Of course, on top of these general weather patterns, Cuba is a big enough island to have some regional variations. Temperatures are on average 2-3°C hotter in eastern regions, for example, while despite the onset of dry season, the Baracoa region in the far east experiences its highest rainfall of the year.
|Season||Months||Pros||Cons||Best For||Where to Visit|
|Winter (High season)||Nov-Feb||Dry season, great festivals||Biggest crowds of the year. Cold fronts can bring unexpected rain.||Festivals, hiking, diving, beaches||Havana, Viñales/Pinar del Río, Trinidad, Sierra Escambray, Remedios|
|Spring (Shoulder season)||Mar-May||Mostly sunny weather, fewer crowds than high season, bargains on hotels/activities||Crowds still linger in key destinations.||Hiking, Birding, Diving, Beaches||Havana, Viñales/Pinar del Río, Trinidad, Sierra Escambray, Eastern provinces|
|Summer (Mini high season)||June-Aug||Generally few visitors (except late Jul/Aug).||High rainfall. Insufferable heat in eastern provinces.||City activities, fishing, carnivals||Havana, Viñales, Trinidad, Holguín, Santiago de Cuba|
|Fall (Low season)||Sept-Nov||Few visitors, bargains on hotels/activities||High rainfall. Hurricane season.||City activities, music/film festivals||Havana, Pinar del Río province, Santiago de Cuba|
Winter (November to March)
From late November through to mid-March, Cuba enters its high season, as the wilder rainy weather of September and October clears to leave the sunniest, driest weather of the year. The temperatures average between 75° and 80°F (24°-27°C) in this period, but there are the most drastic temperature swings of the year too when cold fronts blow in (generally affecting Western Cuba only).

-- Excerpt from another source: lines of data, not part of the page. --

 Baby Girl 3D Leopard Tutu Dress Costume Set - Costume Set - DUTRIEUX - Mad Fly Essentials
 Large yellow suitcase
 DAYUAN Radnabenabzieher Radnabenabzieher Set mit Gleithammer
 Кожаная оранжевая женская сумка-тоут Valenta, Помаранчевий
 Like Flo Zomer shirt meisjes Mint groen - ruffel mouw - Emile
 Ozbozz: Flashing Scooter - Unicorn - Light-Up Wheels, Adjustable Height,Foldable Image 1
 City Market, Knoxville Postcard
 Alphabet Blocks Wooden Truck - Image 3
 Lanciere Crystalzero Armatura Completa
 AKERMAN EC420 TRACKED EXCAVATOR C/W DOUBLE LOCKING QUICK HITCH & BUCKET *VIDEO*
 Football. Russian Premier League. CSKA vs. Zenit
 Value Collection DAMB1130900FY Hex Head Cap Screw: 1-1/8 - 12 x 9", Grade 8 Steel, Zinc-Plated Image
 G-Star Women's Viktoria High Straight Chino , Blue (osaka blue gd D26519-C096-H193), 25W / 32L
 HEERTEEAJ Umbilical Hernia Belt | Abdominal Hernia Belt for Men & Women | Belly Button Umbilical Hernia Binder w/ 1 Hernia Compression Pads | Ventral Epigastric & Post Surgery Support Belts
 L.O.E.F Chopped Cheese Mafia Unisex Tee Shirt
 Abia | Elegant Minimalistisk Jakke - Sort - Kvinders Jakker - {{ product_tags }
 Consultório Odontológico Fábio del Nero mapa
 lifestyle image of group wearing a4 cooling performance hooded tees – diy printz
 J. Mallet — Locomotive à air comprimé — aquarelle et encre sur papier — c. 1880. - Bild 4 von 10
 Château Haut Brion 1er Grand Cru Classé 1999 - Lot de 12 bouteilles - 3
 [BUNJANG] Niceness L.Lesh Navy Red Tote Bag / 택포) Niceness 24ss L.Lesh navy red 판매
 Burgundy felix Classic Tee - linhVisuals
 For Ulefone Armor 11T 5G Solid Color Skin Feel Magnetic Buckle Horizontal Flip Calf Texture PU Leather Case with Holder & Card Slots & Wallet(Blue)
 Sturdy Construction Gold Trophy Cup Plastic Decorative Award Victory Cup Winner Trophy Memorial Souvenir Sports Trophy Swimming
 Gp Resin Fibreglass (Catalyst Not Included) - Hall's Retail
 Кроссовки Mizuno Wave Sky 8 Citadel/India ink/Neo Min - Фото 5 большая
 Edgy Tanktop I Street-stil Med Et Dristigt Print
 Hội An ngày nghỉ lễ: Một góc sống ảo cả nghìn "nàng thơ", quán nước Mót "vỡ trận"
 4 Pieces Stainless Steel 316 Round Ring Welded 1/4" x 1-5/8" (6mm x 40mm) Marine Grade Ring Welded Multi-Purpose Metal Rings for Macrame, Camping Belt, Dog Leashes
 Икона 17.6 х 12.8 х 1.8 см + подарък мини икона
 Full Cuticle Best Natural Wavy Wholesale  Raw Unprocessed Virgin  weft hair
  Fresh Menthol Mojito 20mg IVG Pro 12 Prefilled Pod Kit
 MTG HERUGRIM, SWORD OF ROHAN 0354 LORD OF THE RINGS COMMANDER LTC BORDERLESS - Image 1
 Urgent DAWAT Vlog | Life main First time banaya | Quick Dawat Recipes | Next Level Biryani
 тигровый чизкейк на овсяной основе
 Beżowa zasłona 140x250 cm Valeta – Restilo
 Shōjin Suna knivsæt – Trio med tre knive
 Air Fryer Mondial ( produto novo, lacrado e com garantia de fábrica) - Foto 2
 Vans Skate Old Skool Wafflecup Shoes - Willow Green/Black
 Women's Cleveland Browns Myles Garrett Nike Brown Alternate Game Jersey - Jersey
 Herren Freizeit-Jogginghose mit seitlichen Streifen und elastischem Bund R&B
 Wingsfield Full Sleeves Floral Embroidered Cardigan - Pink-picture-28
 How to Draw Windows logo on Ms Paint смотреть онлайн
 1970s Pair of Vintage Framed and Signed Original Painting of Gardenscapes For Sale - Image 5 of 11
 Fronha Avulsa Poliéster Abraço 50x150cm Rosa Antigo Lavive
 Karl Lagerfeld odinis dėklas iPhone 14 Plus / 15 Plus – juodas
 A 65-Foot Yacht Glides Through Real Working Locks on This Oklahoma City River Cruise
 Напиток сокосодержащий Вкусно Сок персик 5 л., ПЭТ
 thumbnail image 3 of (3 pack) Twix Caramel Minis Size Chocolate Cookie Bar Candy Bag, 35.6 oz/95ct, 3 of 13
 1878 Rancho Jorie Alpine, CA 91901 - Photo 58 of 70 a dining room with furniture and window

Do expect crowds though. This is by far the most popular time to visit Cuba, although it is key destinations like Havana, Viñales, Trinidad and Santiago de Cuba only where the high visitor numbers are really obvious.
Havana, as in every season, should feature on your itinerary right now, where bright sunlight accentuates the city's vivid colors and where streets are that little bit cooler and fresher for walking around. The popular Havana-Viñales-Cienfuegos-Trinidad circuit is at its most popular at this time of year, and no wonder, with fantastic festivals in Havana and Cienfuegos, tobacco season in full swing in Viñales and dry sunny weather for hiking around Viñales and Trinidad.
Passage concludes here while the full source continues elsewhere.